It has been hot here these past few days and I've enjoyed listening to people's opinions and positions about it. For some, the heat totally colors their reactions to everything, and for some the heat rises in themselves, too, causing waves of standing their ground, or melting down. This heat is right on time for me since in some real ways I've been investigating resistance in myself. I am coming to the conclusion that my excuses can be endless, and it is my choice whether I accept them or not, or use them as conditions to change my decisions or actions. It feels a little bit like I'm listening to a child explain why they didn't or won't, or couldn't or can't do something, and deciding, as "the grown up," whether to gently manipulate them out of that position, or simply say, "okay, I accept that, let's move on." With a child it is not so productive to say, "that's just an excuse," but with myself it helps to see them so clearly. So now I am seeing "excuse" is another word for using conditions for a particular purpose, usually in my case to resist!
My style of yoga is exploratory, a yoga of inquiry, endlessly discovering the openness of possibilities in the breath. I am in awe a bit when I read blogs of others who are dedicated to a particular practice, as with the Ashtanga yoga, or Bikram or Iyengar etc. I definitely appreciate the discipline and dedication, the depth of understanding that comes from working within a defined framework. The depth is in the details.
Often for me to imagine that yoga is a particular specific sequence of physical events is a set up for judgment. What I can or cannot do, what I am feeling in that moment might present an urge to move in a different direction. Learning to listen to this urge or inner guide has been a major part of my practice. That is one of the principles of Kripalu yoga, letting the breath, or prana, move me.
Even so, it is easy enough to resist the yoga mat! It's better to keep it very simple and not front load my expectations or requirements: be present, be alert, breathe and be ready to experience what actually happens. Perhaps watching my mind run circles around is half the fun of a practice, or perhaps allowing the dog to run off the leash will leave me in the stillness beyond the undulation of my breath. It has taken me a while to learn how to let go of the sequences, the "this-before-that" thinking and listen to the inner voice of prana = conscious breath + living energy.

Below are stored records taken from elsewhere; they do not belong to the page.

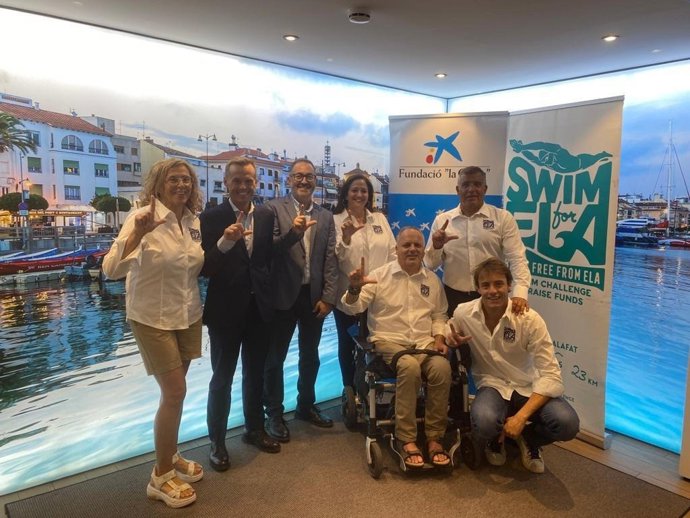 Representantes de Fundación La Caixa y Swim for ELA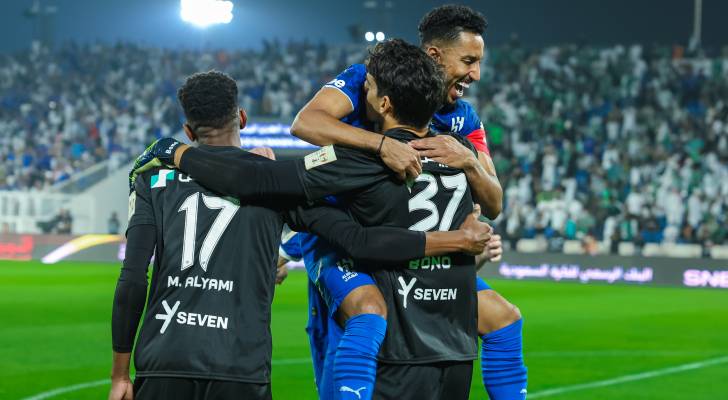 الهلال يتأهل لنهائي كأس السوبر السعودي بعد فوزه على الأهلي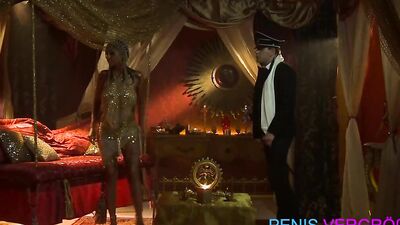 Indische Prinzessin Priya Rai hupft auf hartem Schwanz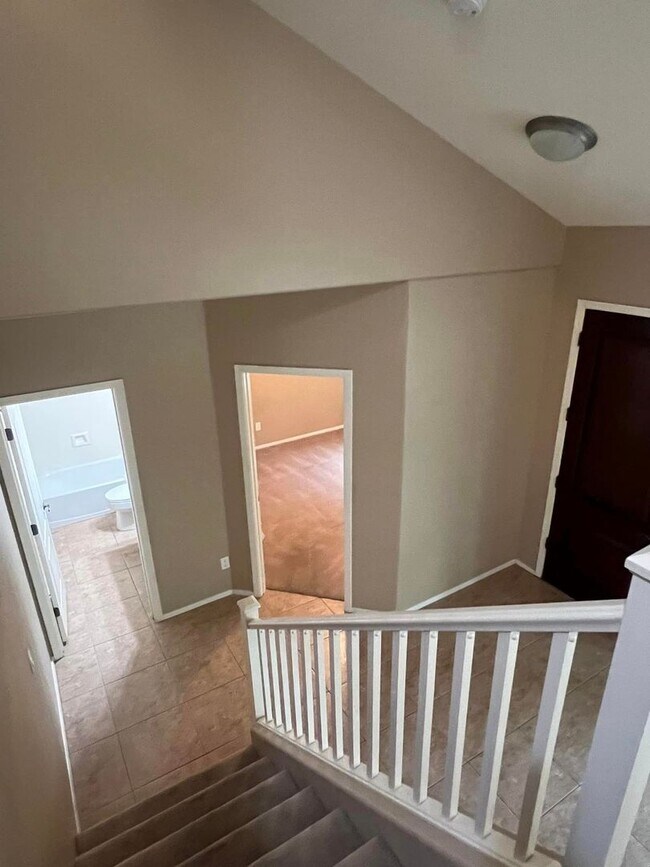 Building Photo - 4-bedroom and loft in the Willows with com...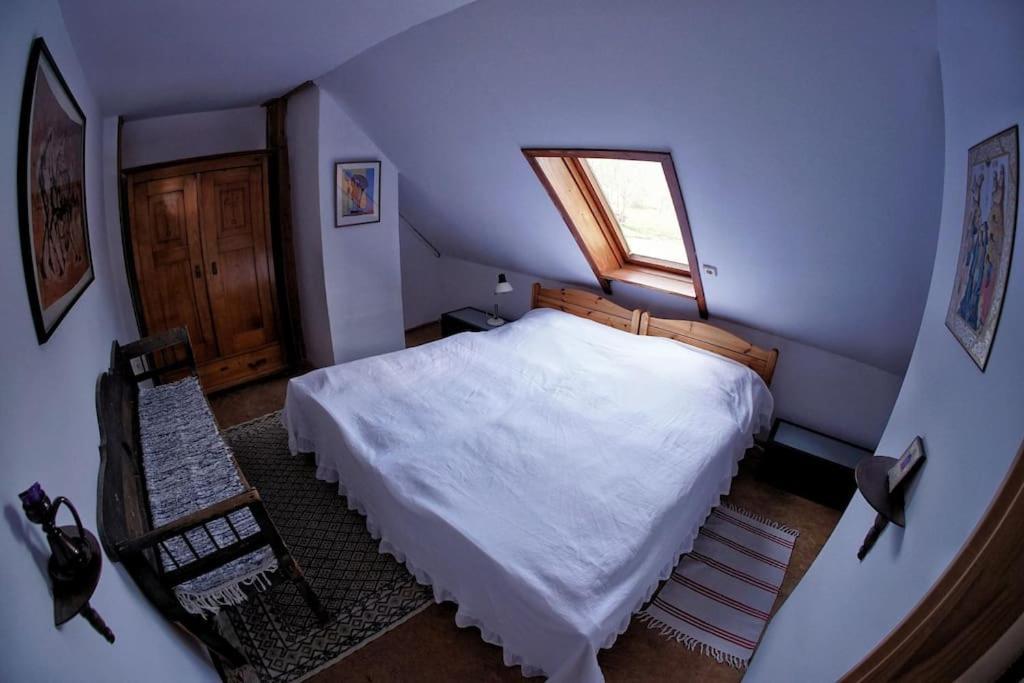 Stilvolles Landhaus Im Dreilaendereck Felsőszölnök Esterno foto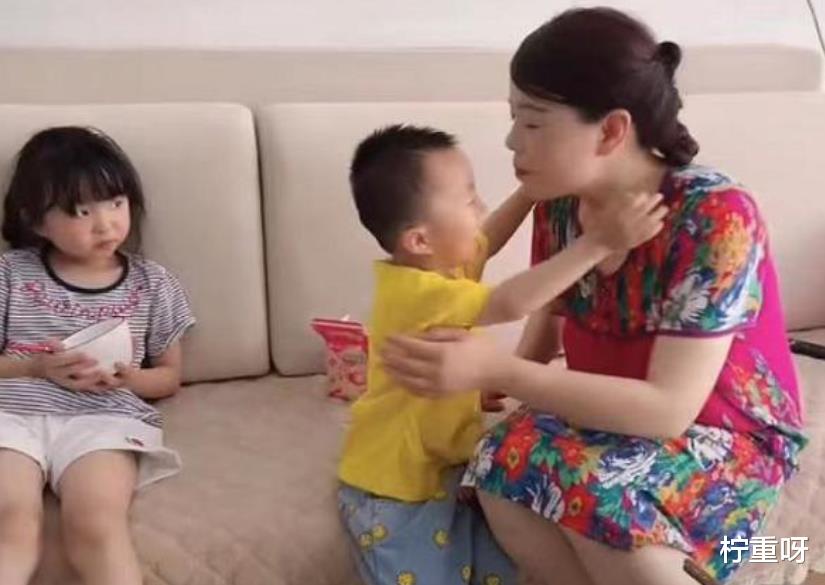 柠重呀 田静更新奇奇悦悦与小姨互动，疯狂玩闹幸福感爆棚，一家人超温馨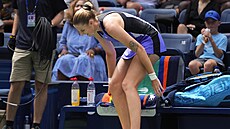 Zranná Karolína Plíková si sedá na lavici ve druhém kole US Open.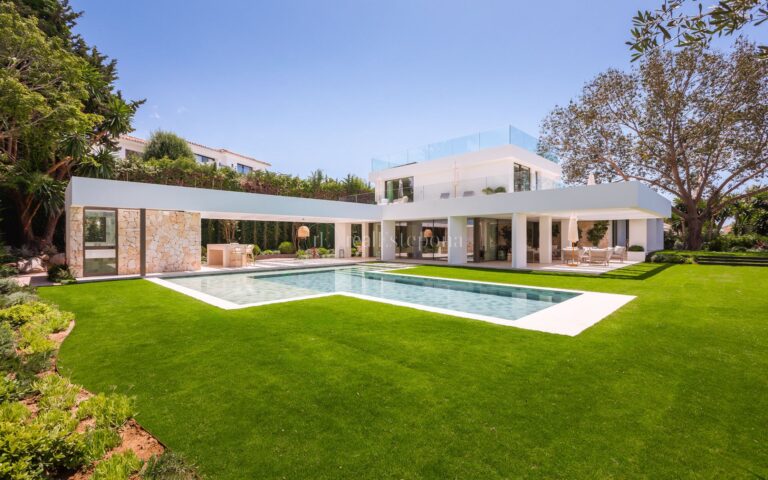 5222HFV | Villa in Nueva Andalucia – € 5,750,000 – 5 beds, 7 baths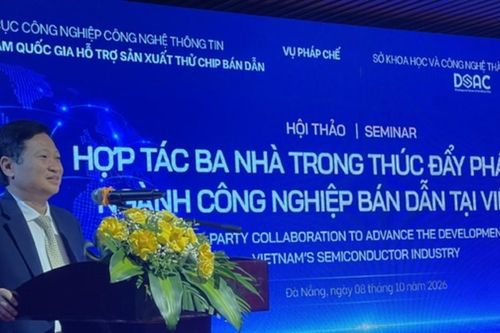 Phát triển ngành công nghiệp bán dẫn Việt Nam: 'Chìa khóa' hợp tác ba nhà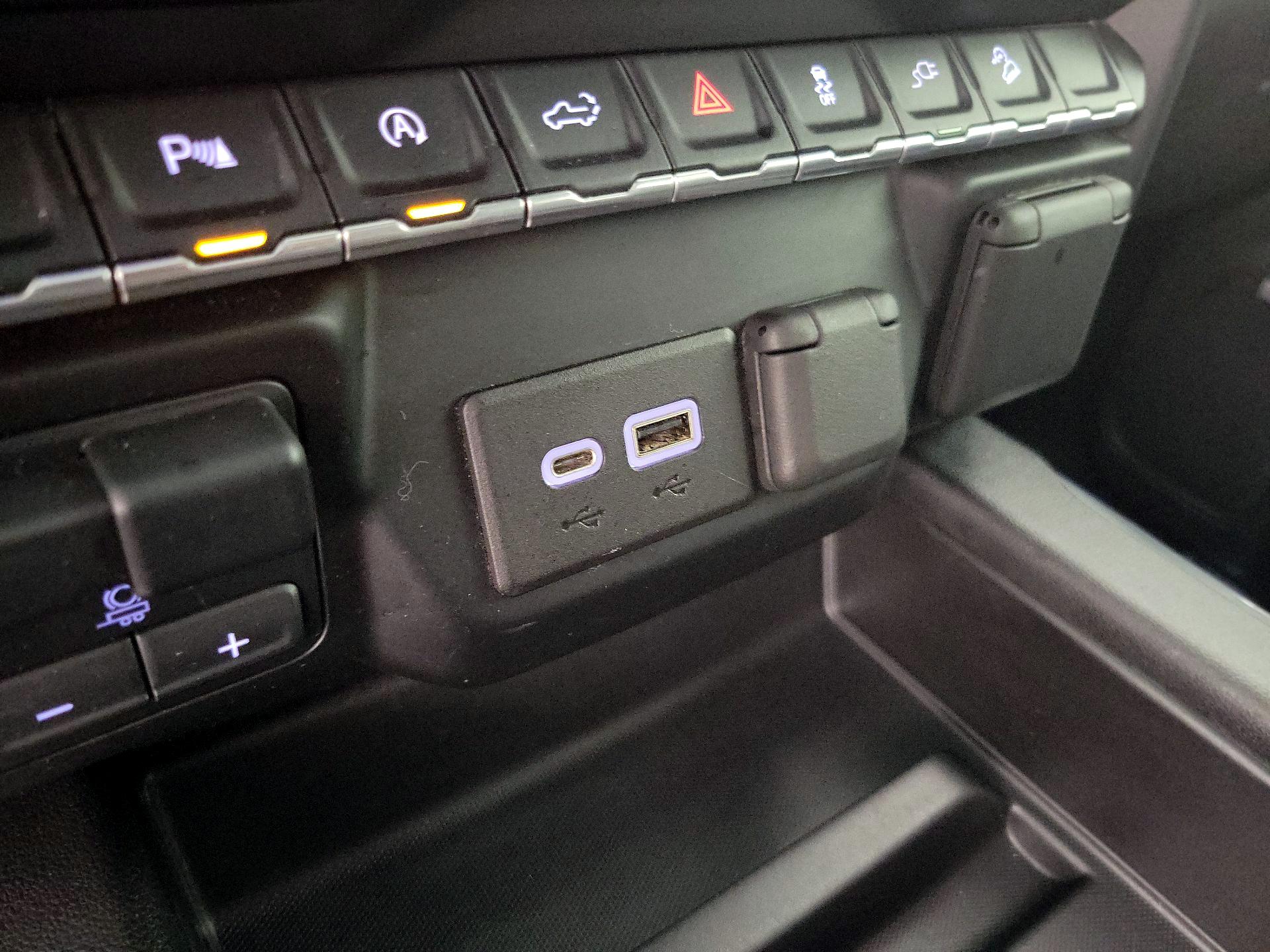 Thumbnail: 2021 Chevrolet Silverado 1500 - 18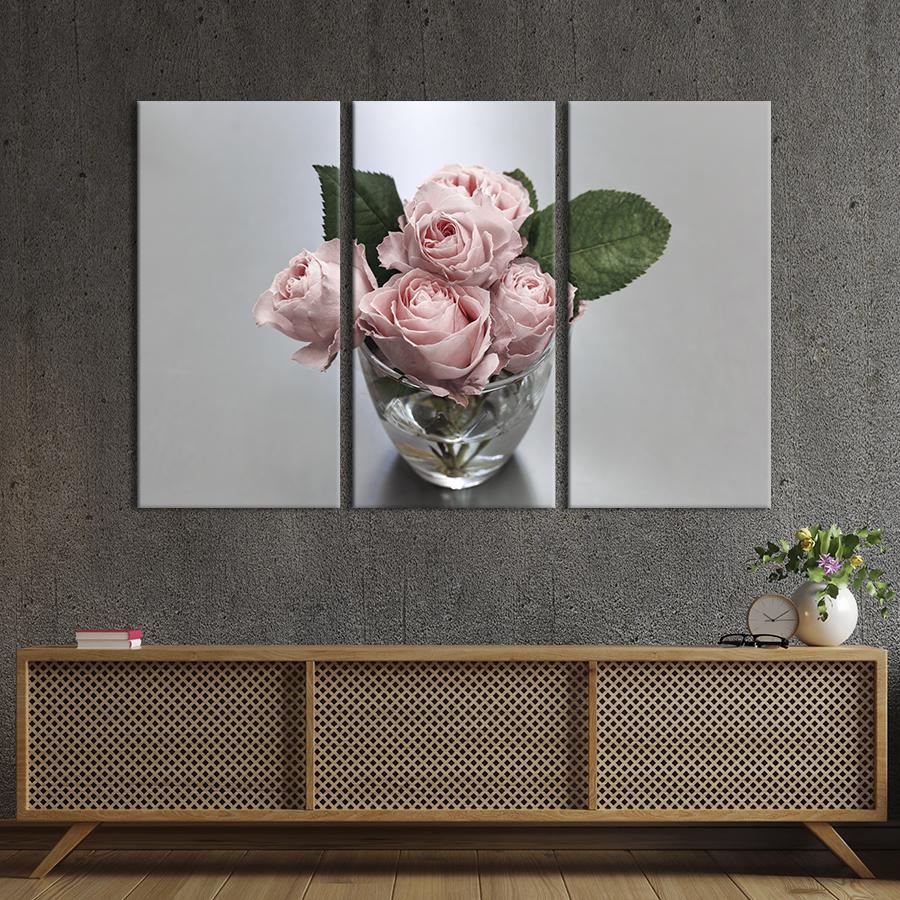 Картина на холсте триптих Бутоны розовых роз 78x48 см (844-31)
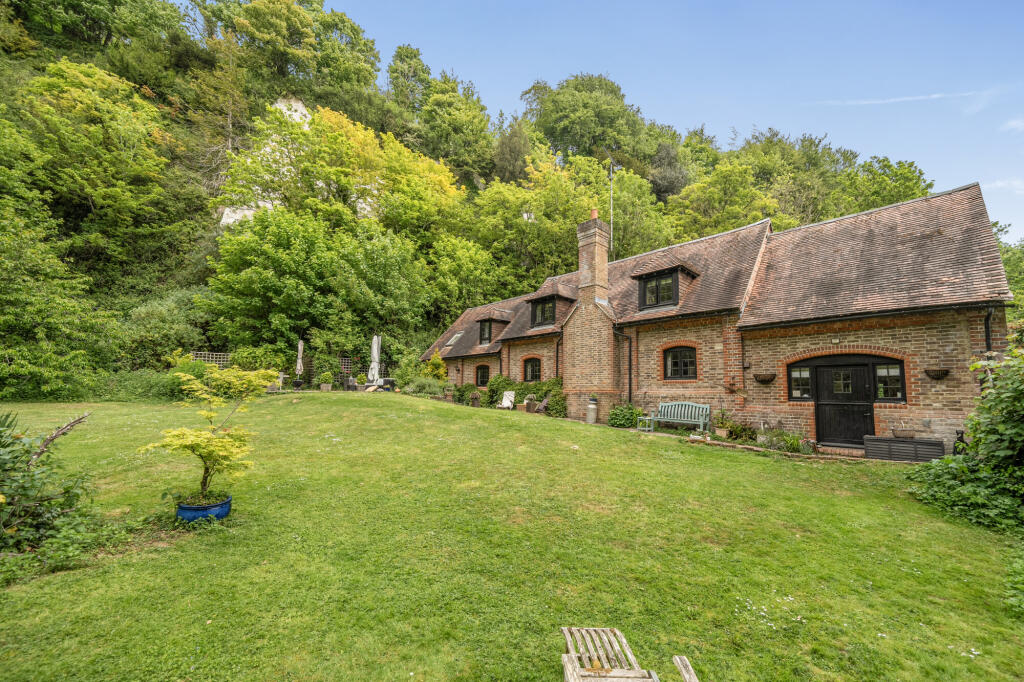 Main image of property: Offham, Arundel, BN18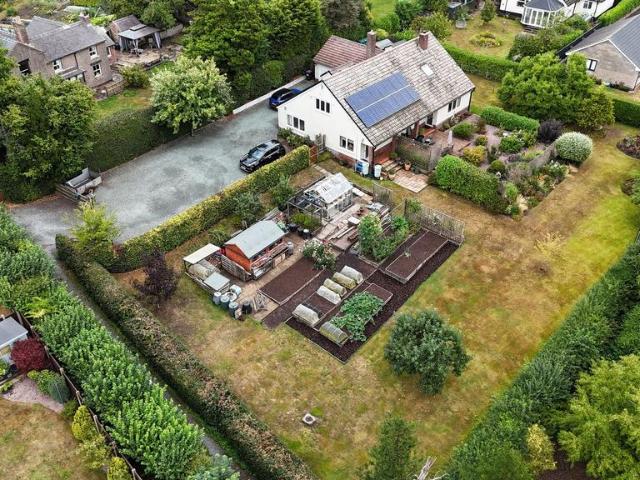 4 bedroom detached bungalow for sale
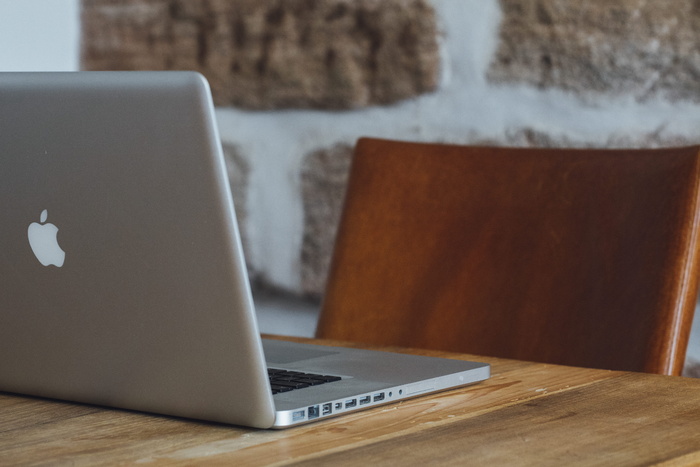 桌上的MacBook Pro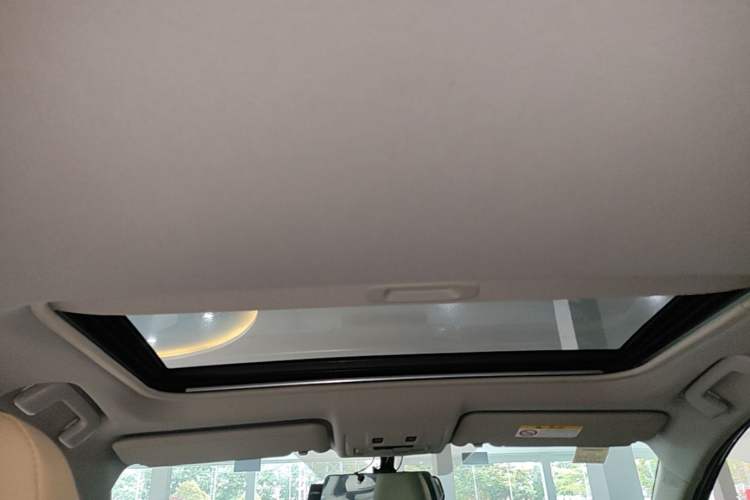Used Toyota RAV4 2016 2.0L CVT Two-Wheel Drive Fashion Edition China V Standard Headliner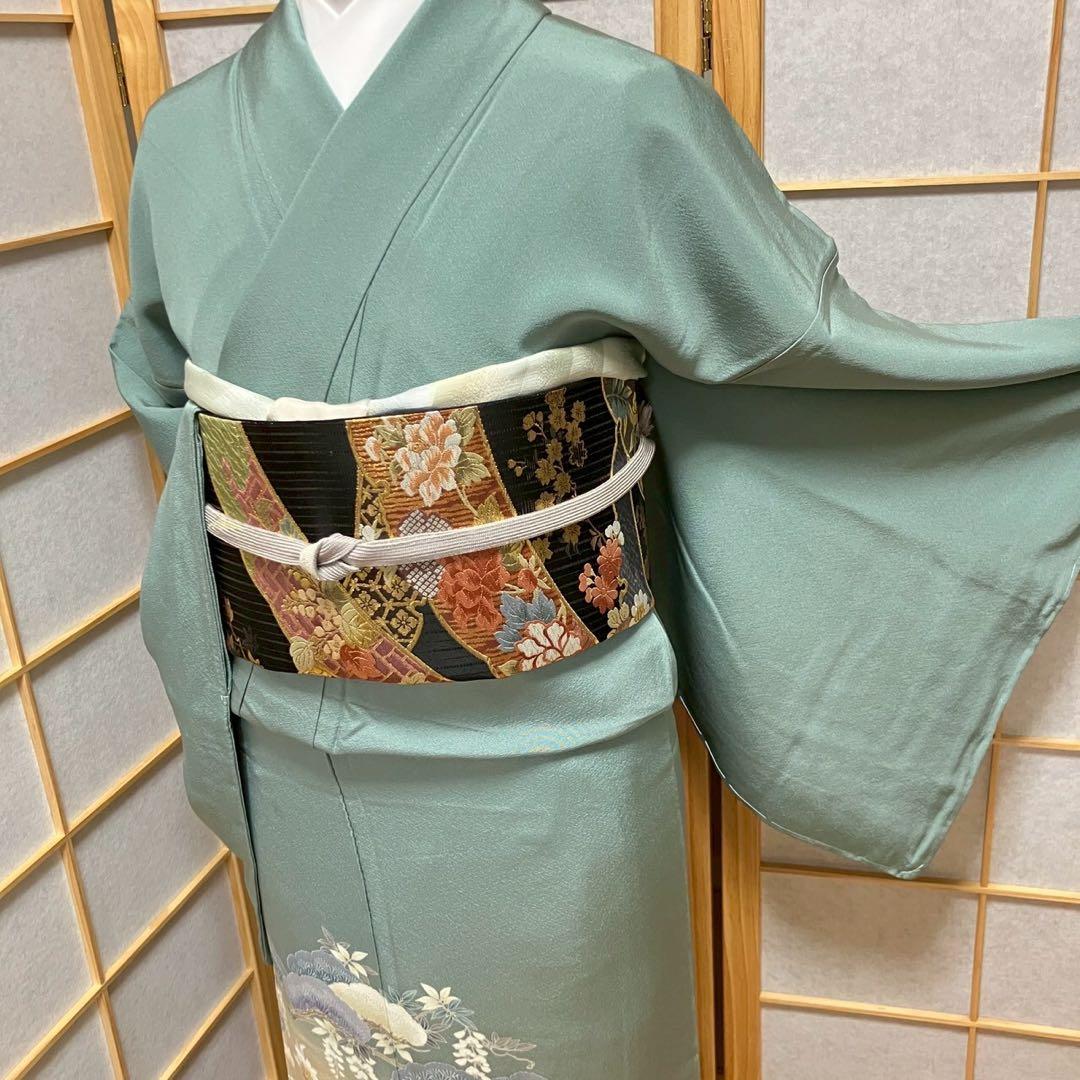 5832］色留袖 美品 未使用 駒刺繍 三つ紋 平四つ目 正絹 着物 袷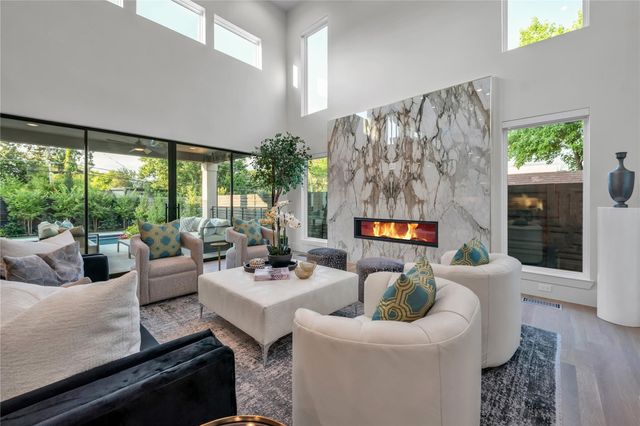 419 W Colorado Boulevard, Dallas, TX 75208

Last night I was breathing quietly in my hot humid room, with a fan blowing and an idea that I was supposed to be going to sleep. Ahh, another set up. Obviously I was not going to sleep. I was resting there, aware of drifting in a sea of light sweat and wondering about the tension in my shoulders. Exactly who set the rules that I was supposed to lay in bed until I fell asleep? And who is going to enforce that rule? What if I just slip out of bed and unroll my yoga mat? Already warm and sweaty, breathing in the dark, I hovered over my mat in Adho Mukha Svanasana, finding the breath taking me through a sequence of Trkonasana (triangle) and Ardha Chandrasana (half moon) where the length of my breath spread into the night air as my body elongated, in effortless effort. I did my final hip twists in bed, Supta Padangusthasana, and let Savasana take me to the stars.